A shrinking pool of farmers 

Around 57,000 farms have closed, or were consolidated, from 2001 to 2021, according to a 2024 report from the National Farmers Union. That’s a 23 per cent decrease in two decades.

Derryn Shrosbree is a vegetable farmer in Mount Forest, Ont. He’s travelled the country advocating for the amendment because he believes this small change can make a big difference. He says Canada is losing nearly 3,000 farms a year due to “outdated tax rules.”

“You drive through villages in southwestern Ontario, some of [the farms] are boarded shut because folks are leaving the agricultural sector, which is avoidable if we could add nieces and nephews to Section 73(3) of the [Income] Tax Act,” Shrosbree told CBC K-W’s The Morning Edition host Craig Norris.

He says the farming landscape has evolved since people are having fewer children nowadays. 

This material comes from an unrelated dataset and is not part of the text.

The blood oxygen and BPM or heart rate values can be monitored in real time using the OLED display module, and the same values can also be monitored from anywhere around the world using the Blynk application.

“The pool of people that want to or are available for farming has shrunk,” Shrosbree said. 

It’s common that family farms are staffed by and being passed down to nieces and nephews who want to take up the mantle, says Shrosbree. However, he says the financial impact of the tax bill is crippling new farm owners before they even get started.

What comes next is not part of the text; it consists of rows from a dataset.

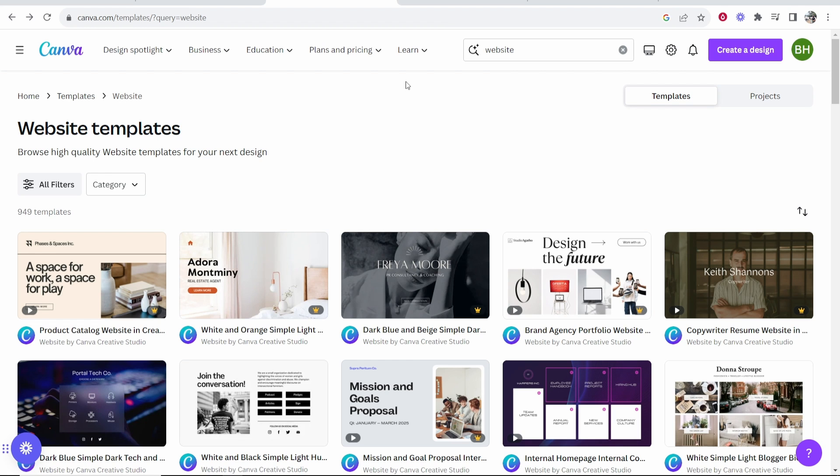How to connect your Canva website to your Hostinger domain. If you've made a website in Canva and you now want to connect it to your Hostinger domain, this video will show you exactly what you need to do step by step.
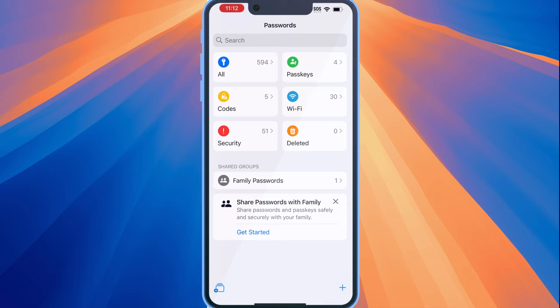And what I really love is the Wi-Fi section as well and we can see all of the Wi-Fi that I've connected to over the 10 plus years of being an iOS user.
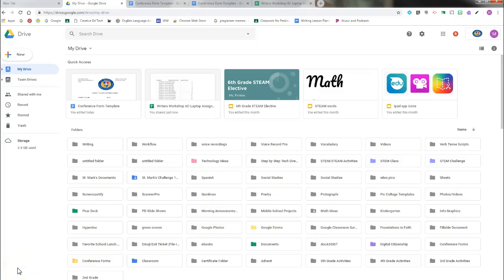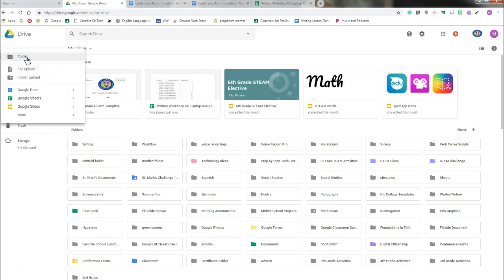To share a folder in Google Drive, the first thing you need to do is create your folder if you don't already have it created.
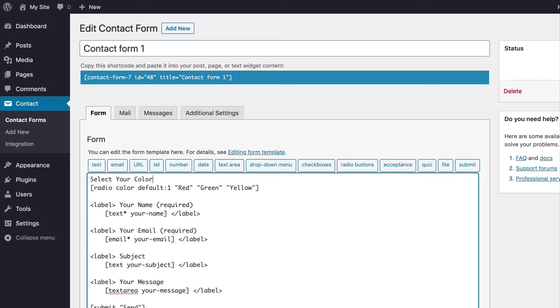Save your changes. And that's it. That is how you can add radio buttons in Contact Form 7.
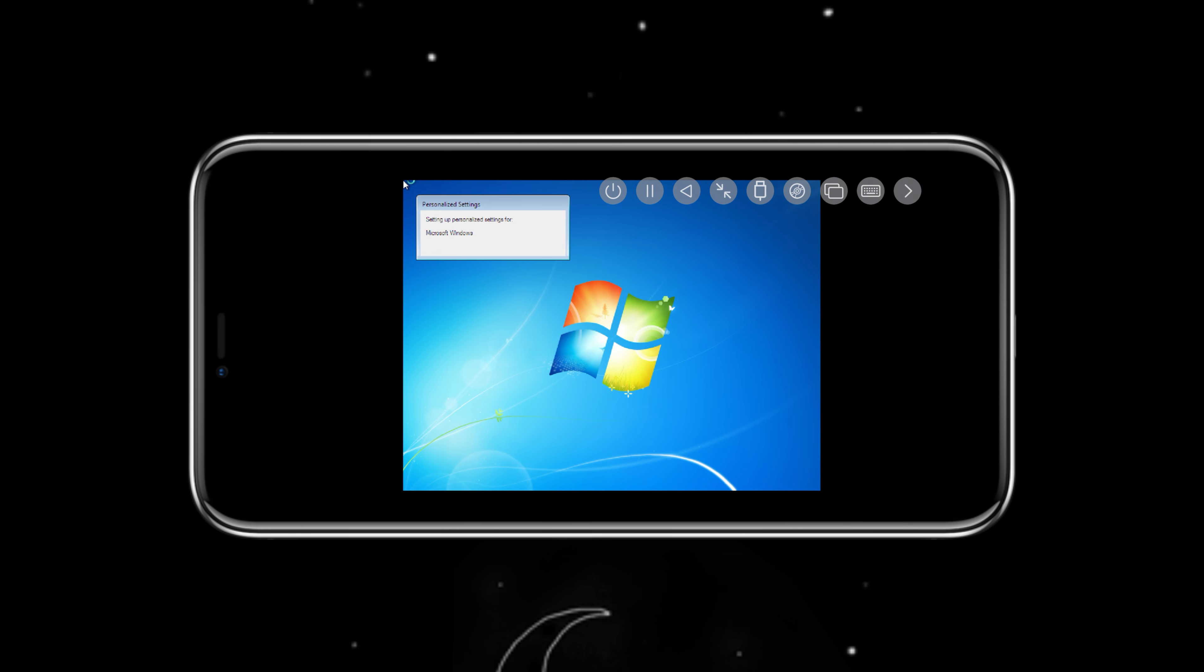After waiting for a while now, our Tiny Windows 7 setup is completed. We can now explore, install basic apps, and enjoy the nostalgia of Windows 7.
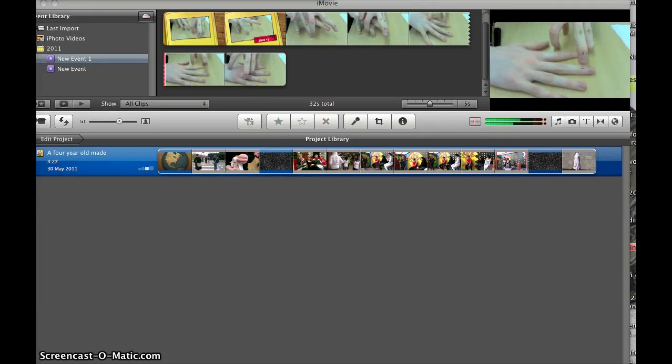Hi, this is a short tutorial to show you how to import movie files into Apple Mac iMovie.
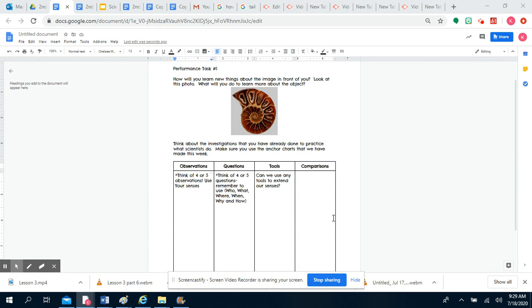As I explain the performance task, please remember the first thing you need to do is pull up your student science notebook, the one that we've been working on for the last few days. You can use the vocabulary and your notes to complete this performance task.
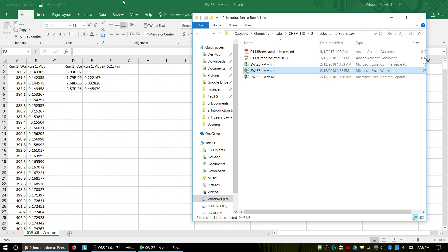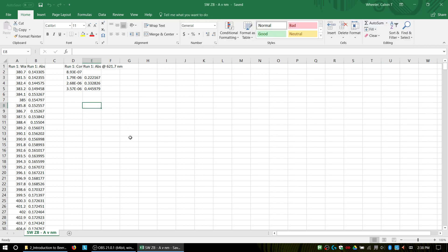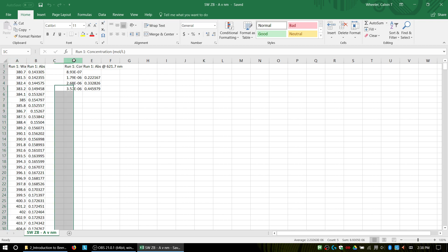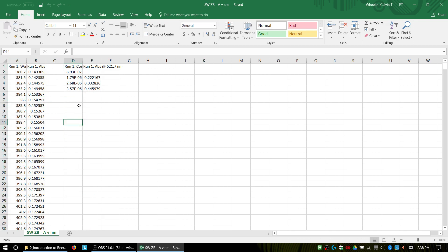So I am working in this document. You can see I have two data sets: my full spectrum data, as well as my calibration plot. Whoever's data this was did not take an absorbance somehow, so I'm just going to take that data out. They probably have it in their notebook.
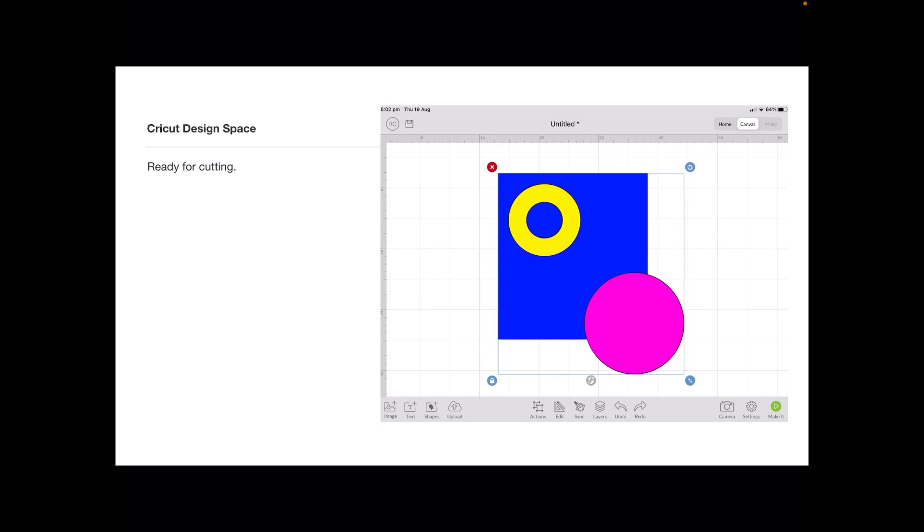And there it is imported into Design Space in the Cricut Design Space software, which I might add runs fabulously well on the iPad as well as the desktop, ready for cutting.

A man stands in a greenhouse, with small plots of soil sitting on a table behind him.
Derryn Shrosbree stands on his farm in Mount Forest, Ontario. He says some farms in Canada could have stayed open if the Income Tax Act was amended. (Submitted by Derryn Shrosbree)

It’s becoming increasingly expensive to be a farmer in Canada. On top of tax challenges, farmers have been facing higher prices for fertilizer and diesel this spring, due to recent conflicts in the Middle East. 

“Margins are razor thin already,” Shrosbree said, adding if this continues fall harvest will be “extremely difficult” and “very expensive.” 

After being asked about possible amendments to the Income Tax Act, a spokesperson from the federal finance department wrote in a statement to CBC News that “while the government continually reviews tax rules to make sure they continue to be fair and appropriate,” they cannot comment on any prospective law changes.

The spokesperson added that the department has programs to help ease tax burdens, including the Lifetime Capital Gains Exemption tax provision that can be used to deduct up to $1.25 million off of capital gains tax, per taxpayer, on farms and other qualifying businesses. It can be used when buying farm land or transferring it from owner to their niece or nephew. 

The family business

Cooper’s family farm could be facing this tax issue in the next 10 to 15 years. 

Cooper runs a cattle, vegetable and fruit farm in Uxbridge and co-owns of his retired parents’ farm. His sister is the other co-owner, but she isn’t interested in running the farm. 

Her son, Cooper’s nephew, is 14-years-old and too young to make any long-term career decisions. But, if he ever wanted to take over his family farm he would be slammed with a hefty income tax bill depending on the market value of the farm. 

A young man in a hoodie stands in front of a wooden fence. There are cows in the field behind him and a barn further behind him.
Steve Cooper’s nephew, 14, stands in front of the family farm. Due to the current Income Tax Act, he would not be eligible to receive a tax deferral if he wanted to take over the farm. (Submitted by Steve Cooper)

He wouldn’t be eligible to defer the tax bill, since his mother doesn’t actively work on the farm and he isn’t Cooper’s child.  

“If it’s a niece or nephew that stepped into a role of leadership and is gonna be running the farm, why shouldn’t they get the same benefit as a son or a daughter?” Cooper said. 

Despite the challenges facing farmers in Canada, Shrosbree has high hopes for the future. He is even inviting 100 farmers and young people to his own farm in May to “inspire this activity and this connection” among young farmers.  

He says the Income Tax Act amendment is crucial for allowing family farms to be passed down through generations and the overall continuation of a resilient agricultural landscape in Canada. 

“Canada was built on the back of agriculture,” Shrosbree said. “We’re a farming nation and we believe that the fabric of Canadian society is stronger for having good farmers and good rural communities.”